What is Data Test in dbt: Explanation and Example
data test in dbt is a way to check your data quality by writing SQL queries that return zero rows if the data meets expectations. It helps catch errors or inconsistencies in your data by running these tests automatically during your dbt runs.How It Works
Think of a data test in dbt like a safety check for your data. You write a SQL query that looks for problems, such as missing values or duplicates. If the query finds any issues, it returns rows; if everything is fine, it returns zero rows.
When you run dbt, it automatically runs these tests and alerts you if any test fails. This is like having a smoke alarm that goes off only when there is smoke, helping you catch data problems early before they affect reports or decisions.
Example
This example shows a simple data test that checks for duplicate user IDs in a table called users. If duplicates exist, the test will fail by returning those duplicate IDs.
select user_id, count(*) from {{ ref('users') }} group by user_id having count(*) > 1
When to Use
Use data tests in dbt whenever you want to ensure your data is accurate and reliable. Common cases include checking for missing values, duplicates, or values outside expected ranges.

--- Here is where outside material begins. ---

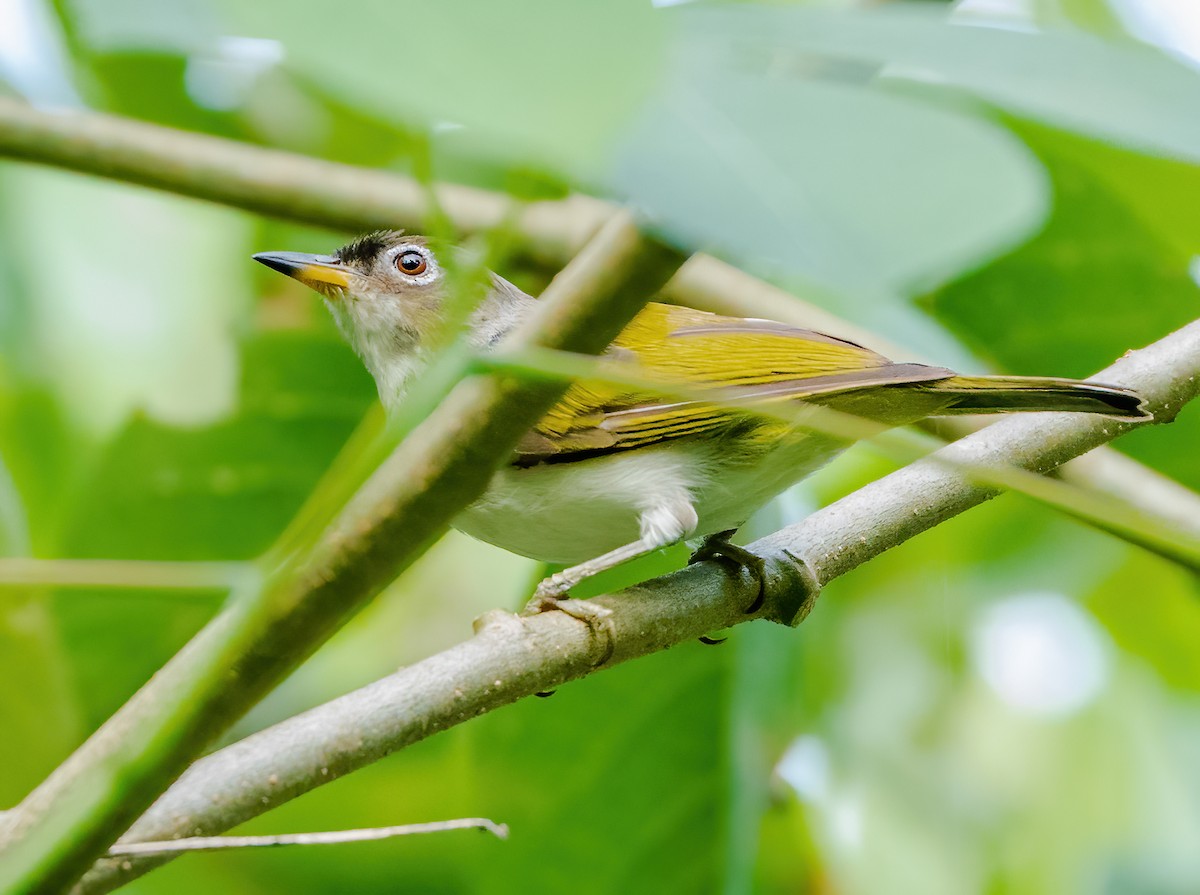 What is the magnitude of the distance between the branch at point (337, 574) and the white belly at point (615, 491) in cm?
165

For example, if you have a sales table, you might test that all sales amounts are positive or that every order has a valid customer ID. Running these tests regularly helps catch data issues early and keeps your analytics trustworthy.
Key Points
- Data tests in dbt are SQL queries that return zero rows when data is correct.
- They run automatically during dbt runs to catch data quality issues early.
- Tests can check for duplicates, missing values, or invalid data.
- Failing tests help you fix data problems before they affect reports.